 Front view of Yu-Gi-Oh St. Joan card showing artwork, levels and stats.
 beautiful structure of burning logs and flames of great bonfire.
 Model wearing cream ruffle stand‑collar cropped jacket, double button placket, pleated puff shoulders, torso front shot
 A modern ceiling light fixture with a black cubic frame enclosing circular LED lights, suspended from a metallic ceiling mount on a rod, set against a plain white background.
--
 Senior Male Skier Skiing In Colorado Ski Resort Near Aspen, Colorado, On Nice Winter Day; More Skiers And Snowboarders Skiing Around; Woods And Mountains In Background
==
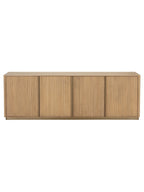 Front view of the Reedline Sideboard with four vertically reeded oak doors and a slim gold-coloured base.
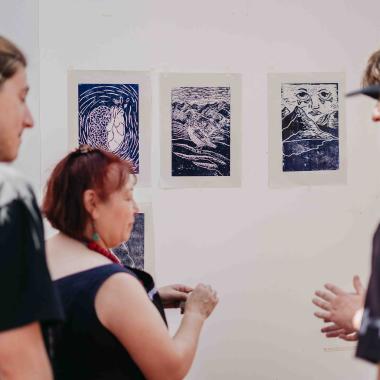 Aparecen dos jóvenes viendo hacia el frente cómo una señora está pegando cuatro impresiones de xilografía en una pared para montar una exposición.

**WHAT THIS TASK INVOLVES:**
Set down precisely the lines above between the line holding "beautiful structure of" and the line holding "Model wearing cream", inclusive, and nothing beyond them.

**EXERCISE ANSWER:**
 beautiful structure of burning logs and flames of great bonfire.
 Model wearing cream ruffle stand‑collar cropped jacket, double button placket, pleated puff shoulders, torso front shot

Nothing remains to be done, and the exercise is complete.